Kebebasan berasal dari bebas. Artinya
adalah lepas sama sekali (tidak terhalang,
terganggu, dan sebagainya sehingga dapat bergerak, berbicara, berbuat, dan
sebagainya dengan leluasa). Atau lepas dari (kewajiban, tuntutan, perasaan
takut, dan sebagainya). Bisa juga berarti tidak dikenakan (pajak, hukuman, dan
sebagainya); tidak terikat atau terbatas oleh aturan dan sebagainya; merdeka
(tidak dijajah, diperintah, atau tidak dipengaruhi oleh negara lain atau
kekuasaan asing). Dari pengertian kata dasar tersebut, maka kebebasan adalah keadaan
bebas; kemerdekaan atau keleluasaan setiap warga negara untuk melibatkan diri
dalam kegiatan politik (tanpa adanya berbagai paksaan dari pihak masyarakat dan
pemerintah); dan kebebasan mengeluarkan pikiran dan pendapat
melalui media massa.
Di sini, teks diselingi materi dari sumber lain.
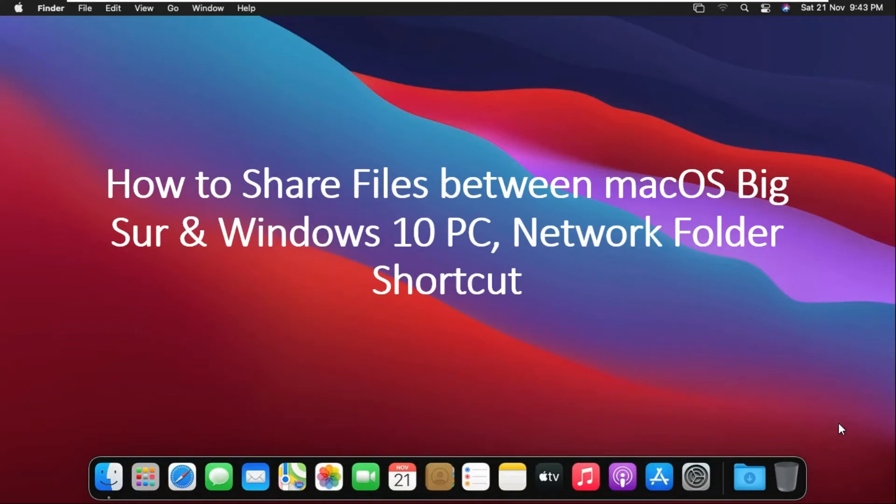How to share files between Mac OS Big Sur and Windows 10 PC. Create network folder shortcut on Mac OS desktop.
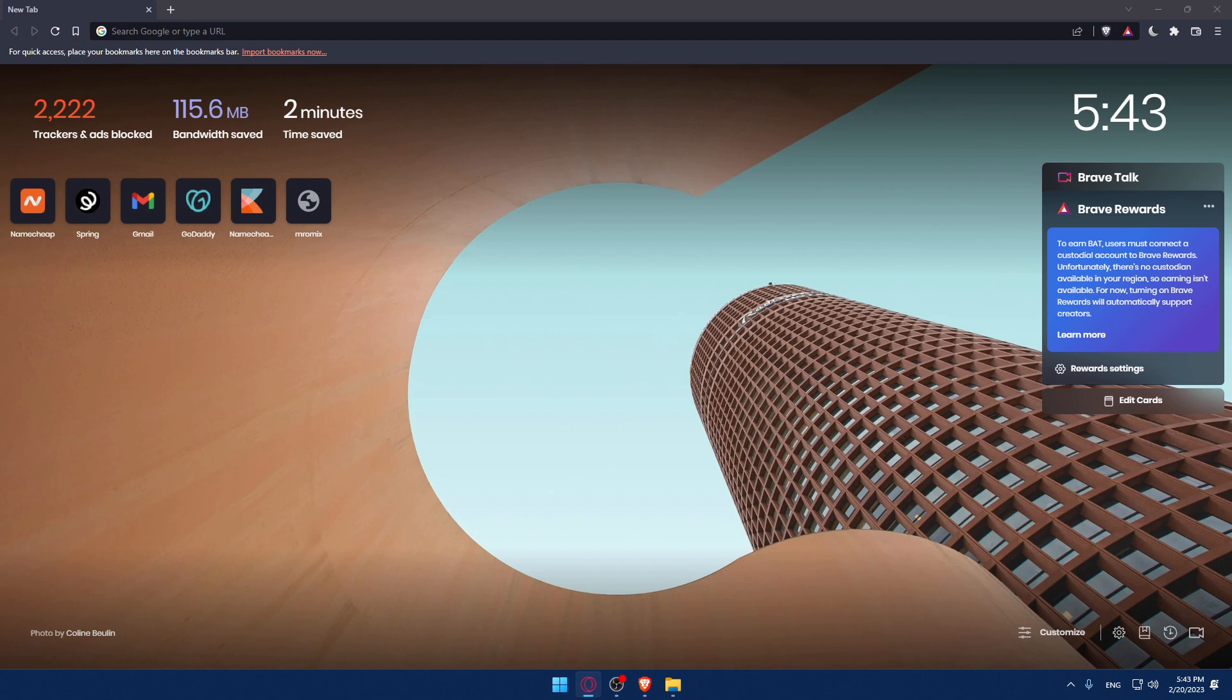So the first thing to do is open the browser you're going to use to follow this tutorial. In my case, I'm using Brave, but you can use any other browser that works for you.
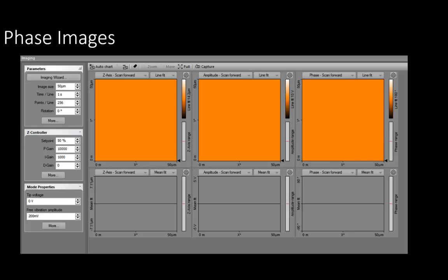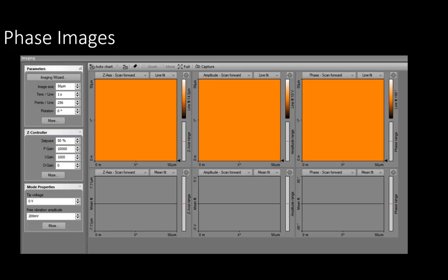There are three imaging windows in phase contrast mode. Set these to Z axis, amplitude, and phase scan forward. Set the feature size, feature height, and scan speed as before and obtain an image. Observe how the three images are different from one another and think of what information each one presents.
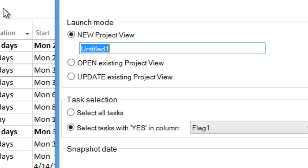OnePagerPro will launch and ask you to name your project view. In this example, we'll call it Multi-Project Portfolio.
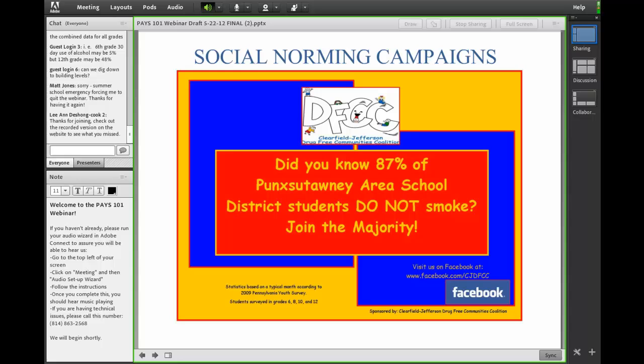For example, it shows here: 'Did you know that 87% of Punxsutawney Area School District students do not smoke? Join the majority.' This data is geared towards specific school districts — they create these posters for individual school districts using that school district's data. That's just one example of using PAYS data to increase awareness.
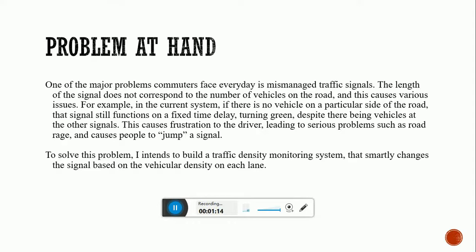We have to make the time period of the green or red signal according to the density of the vehicles waiting to cross that signal. In order to solve this problem, I am going to build a traffic density monitoring system that smartly changes the signal based on the vehicular density on each lane.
Kebebasan merupakan hak setiap orang. Di dalam sebuah
negara, kebebasan itu di atur di dalam Undang-undang. Walaupun kebebasan itu merupakan
hak setiap orang, akan tetapi tidak serta merta kebebasan itu tanpa aturan,
batasan maupun tanggung jawab. Sebab, setiap orang punya kebebasan yang sama
sekaligus berbeda. Ketika semua orang mau menuntut kebebasan yang
diinginkannya, maka satu sisi akan melanggar kebebasan orang lain. Seperti
contoh, kebebasan mengeluarkan pendapat atau mengkritik orang lain. Artinya,
boleh saja setiap orang mengeluarkan pendapatnya serta mengkritik orang lain
atau sebuah Lembaga. Akan tetapi, orang lain maupun Lembaga itu juga mempunyai
hak untuk juga mengeluarkan pendapat dan kritiknya kepada orang lain. maka
ketika tidak ada aturan, batasan dan rasa tanggung jawab, maka perbedaan
pendapat dan saling kritik tidak bisa dihindari. Bisa saja berubah menjadi
saling serang, fitnah, dan bisa berujung kepada pertengkaran, perkelahian dan
permusuhan.
Untuk itu, setiap
kebebasan yang dimiliki seseorang harus benar-benar disalurkan dengan cara yang
baik. setiap orang bebas mengeluarkan pendapat, kritik, bekerja, makan, minum,
berpolitik, berkreasi, bernyanyi, bermain, dan sebagainya. Akan tetapi semua
itu, harus teratur dan bertanggung jawab. Aturan itu bisa saja tertulis maupun
tidak tertulis. Yang tertulis bisa dari Kitab Suci, undang-undang, maupun
peraturan-peraturan yang disepakati oleh pemerintah maupu masyarakat
dibawahnya. Aturan yang tidak tertulis, bisa berupa adat istiadat atau
kebiasaan yang dilakukan disuatu daerah. Yang mana, adat istiadat itu sudah
turun-temurun diberlakukan oleh masyarakat itu. Dan sangat teguh dipegang oleh
mereka. Sehingga menjadi suatu hukum yang sangat sensitif dan baku dipakai di
daerah itu. Dengan begitu, kebebasan itu tidak dilakukan menjadi kebablasan.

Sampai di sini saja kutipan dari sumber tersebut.